Let’s review the call for a Day Without the 99 percent:
- No Work: for many there is no need to respond because they have no work. For others, refusing to work is legally impossible or would endanger them too greatly. Those of us who can do so will withdraw our labor in solidarity with the precarity and dangers suffered by those who cannot.
- No School: in Bloombergistan, only 13% of African-American and Latin@ students graduate high school ready for college. Those who make it find that the ticket to employment literally comes with a mortgage: one million people now have student debt of over $100,000 or more. We leave school to insist it is a right not a privilege and, for a day, those of us who can will offer classes freely to all who care to attend to prefigure the learning that is to come.
- No Housework: domestic labor continues to make the world liveable, and as harmonious and possible as it can. The women, children and (some) men who perform that labor have to endure the insult of one percenters like Ann Romney claiming their dignity. We will not engage in this invisible labor for one day in order to reclaim it and to show solidarity with those who are compelled by neoliberalism to act as full-time carers without support, whether for elders, children, the dis/abled orĀ others in need.
- No Banking: here we refuse to participate in the system of financial distribution and exchange that has so impoverished us all and yet has been allowed to carry on as if nothing happened.

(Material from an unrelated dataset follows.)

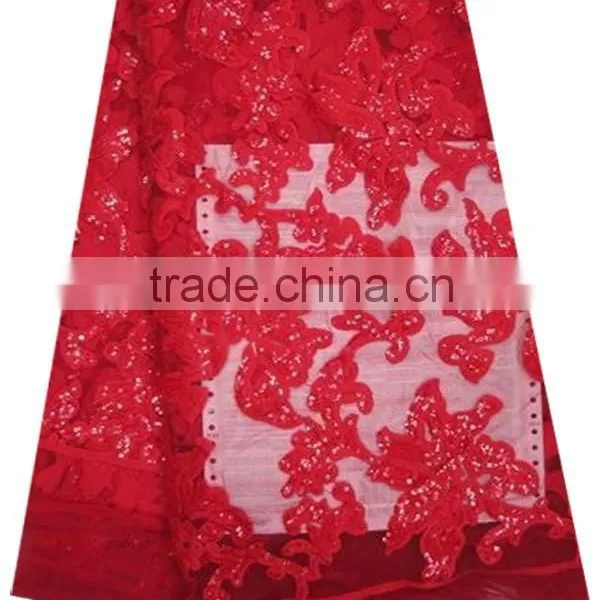 2015 Wholesale New Fantasy African French White Net Sequins Lace Fabric photo-5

The financialization of everything and everyone has made it difficult to withdraw entirely from the banking system, as many used to be able to do. We can plan to move our money to credit unions and other co-operatives.
- No Shopping: consumers dictate the success or failure of the one percent. By refusing to shop for things that we do not need, we can show how the concept of permanent growth is unsustainable.

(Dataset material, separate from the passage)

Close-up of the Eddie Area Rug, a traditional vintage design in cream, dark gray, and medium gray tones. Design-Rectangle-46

What we will do is more important than what we will not do. We will share ideas, skills, food, music, art, friendship, solidarity and space. We will assert that striking new relationships is living, while working for life is not. Over the course of four months of planning, Occupy has become the autonomous, decentralized movement that was promised in September 2011. The combination of mutual aid, direct action, direct democracy, affinity groups and the free exchange of knowledge and ideas, enabled and facilitated by digital technologies, has changed many lives already. This “internal” process of transformation is now ready to reach out to many others.
Will capitalism fall on May 1? No. But it’s doing a good job of collapsing on its own at the moment. The more we refuse to come to its aid, the quicker that moment may come.
Will cities grind to a halt on May 1? No. Transport workers are not on strike, so that people can easily get to the events and so that those who have no choice but to work can do so.
Will there be more life, more laughter, more music, more creativity, more confrontation, more raising of awareness, more solidarity: in short, more love? Yes, she said, yes, yes, yes.
These new relationships will reconfigure our relationship to U. S. history and to the rest of the world. It was in Chicago in 1886 that May Day strikers called for the eight-hour working day. The demonstration ended with a bomb being thrown that culminated in the notorious Haymarket Affair and the execution of four people, none of whom had been shown to be responsible for throwing the mysterious bomb.
From that event, May Day has become the global festival of labor. For many years, unions in this country have refused to participate in May Day events for fear of being labeled Communists. Now, more than twenty years after the end of the Cold War, labor, immigrants and Occupy activists are coming together to act in solidarity with the global 99%.
Why post this today rather than May 1? Because I will be striking on May 1 in whatever ways I can and it’s not too late for you to think of some way in which you can as well. Please join us.